**THE PROBLEM**
Repeat, word for word, every line from the line holding "Hello everyone, welcome" through the final line of the entries below. Skip all pictures.

**INFORMATION**
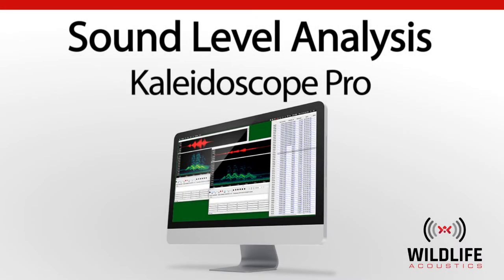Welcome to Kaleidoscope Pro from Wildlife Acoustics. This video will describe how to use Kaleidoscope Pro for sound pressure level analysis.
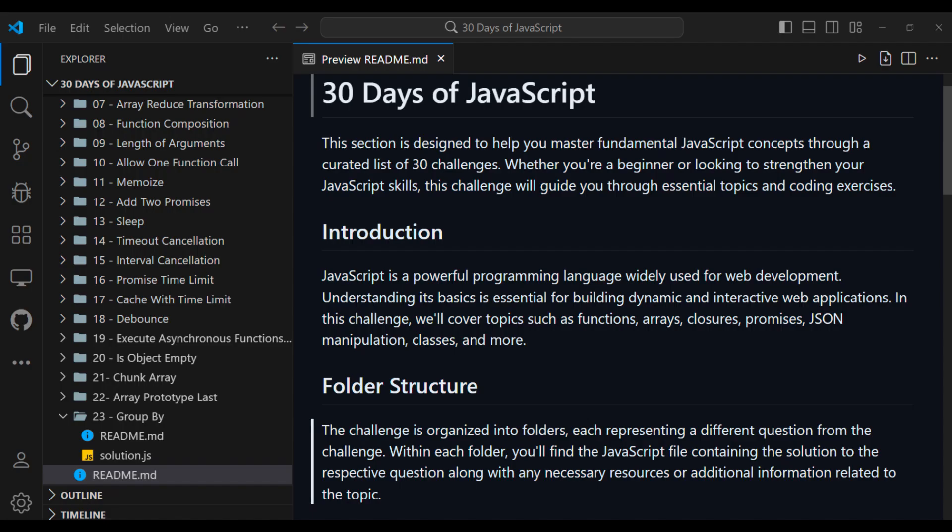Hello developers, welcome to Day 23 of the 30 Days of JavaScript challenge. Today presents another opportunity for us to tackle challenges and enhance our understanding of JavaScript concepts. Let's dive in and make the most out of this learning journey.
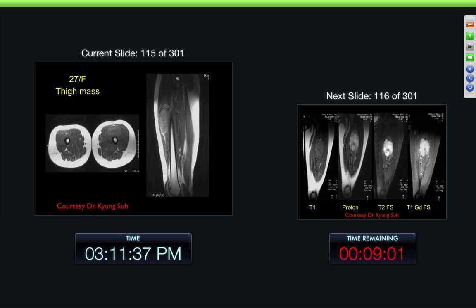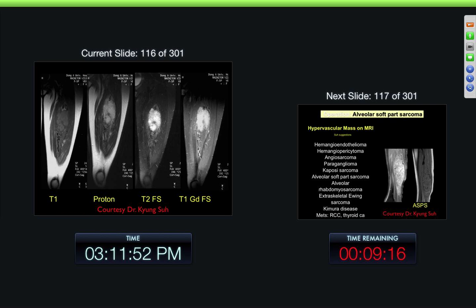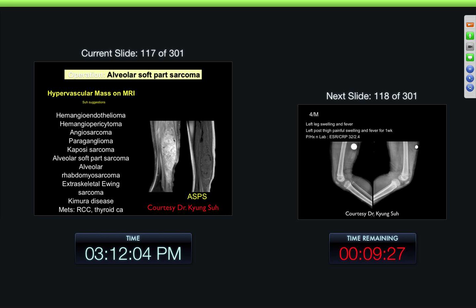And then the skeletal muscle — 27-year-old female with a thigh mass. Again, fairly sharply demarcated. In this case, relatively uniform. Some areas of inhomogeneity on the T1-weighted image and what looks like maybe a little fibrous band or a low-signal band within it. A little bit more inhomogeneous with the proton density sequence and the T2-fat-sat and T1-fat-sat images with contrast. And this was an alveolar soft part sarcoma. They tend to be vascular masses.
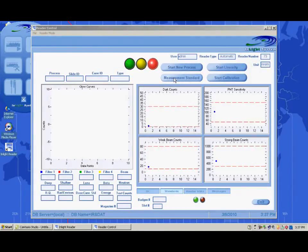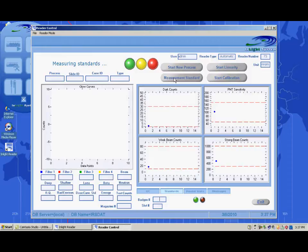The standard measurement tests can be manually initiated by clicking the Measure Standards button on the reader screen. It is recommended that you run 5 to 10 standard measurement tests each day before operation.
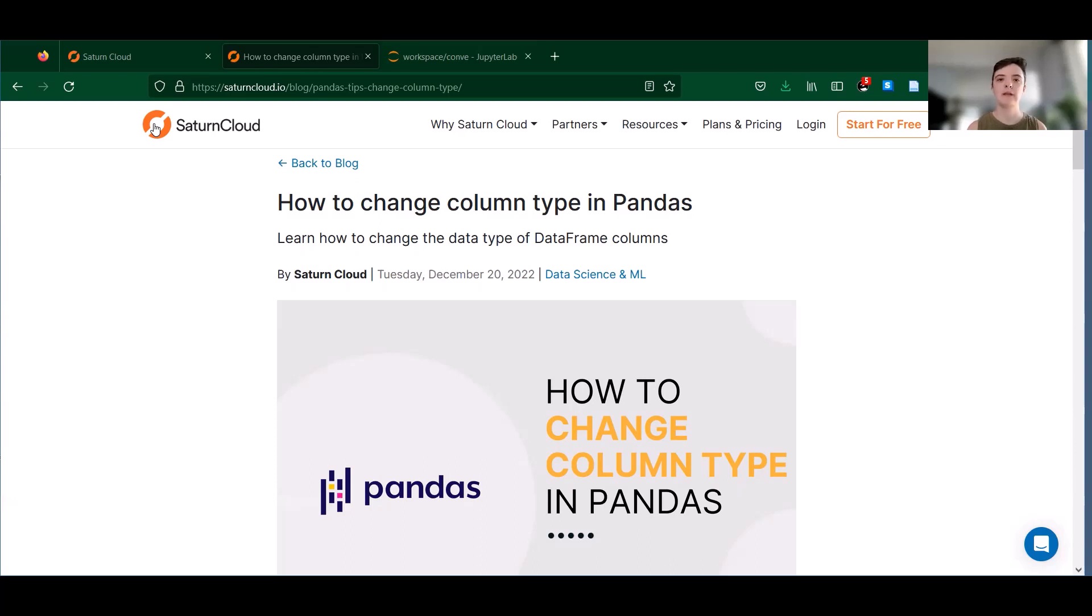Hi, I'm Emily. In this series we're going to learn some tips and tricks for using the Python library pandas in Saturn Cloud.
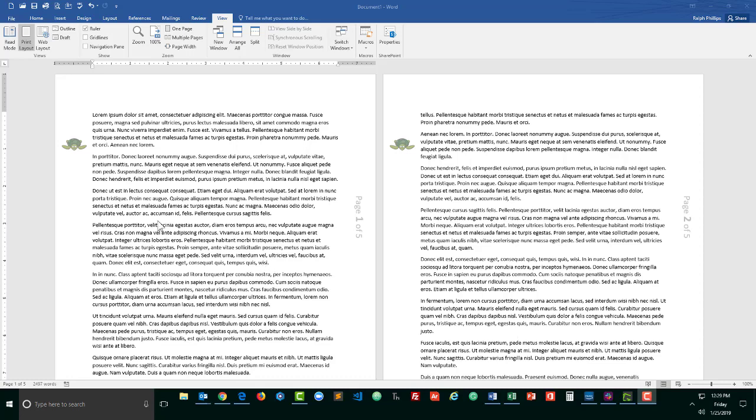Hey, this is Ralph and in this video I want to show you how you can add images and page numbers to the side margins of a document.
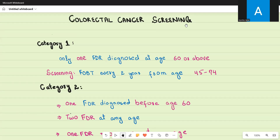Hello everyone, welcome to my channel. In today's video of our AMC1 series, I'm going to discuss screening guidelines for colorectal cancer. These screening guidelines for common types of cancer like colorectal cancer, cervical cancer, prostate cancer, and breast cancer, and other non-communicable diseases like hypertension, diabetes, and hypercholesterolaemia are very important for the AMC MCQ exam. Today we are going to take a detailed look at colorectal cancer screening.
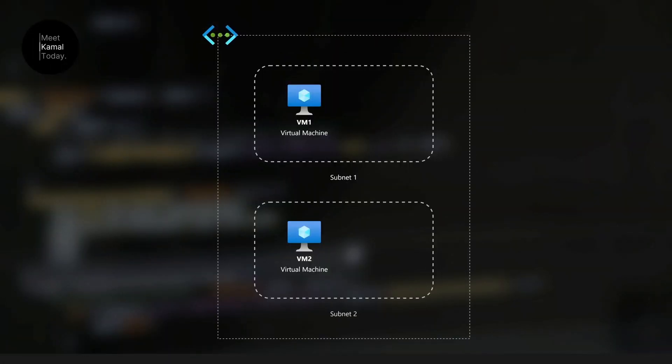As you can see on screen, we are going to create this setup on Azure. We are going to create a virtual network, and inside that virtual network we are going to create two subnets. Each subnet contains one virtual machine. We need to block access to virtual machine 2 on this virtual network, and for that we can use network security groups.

**ANSWER BOX**
Hello everyone, welcome to my channel. In today's video of our AMC1 series, I'm going to discuss screening guidelines for colorectal cancer. These screening guidelines for common types of cancer like colorectal cancer, cervical cancer, prostate cancer, and breast cancer, and other non-communicable diseases like hypertension, diabetes, and hypercholesterolaemia are very important for the AMC MCQ exam. Today we are going to take a detailed look at colorectal cancer screening.
As you can see on screen, we are going to create this setup on Azure. We are going to create a virtual network, and inside that virtual network we are going to create two subnets. Each subnet contains one virtual machine. We need to block access to virtual machine 2 on this virtual network, and for that we can use network security groups.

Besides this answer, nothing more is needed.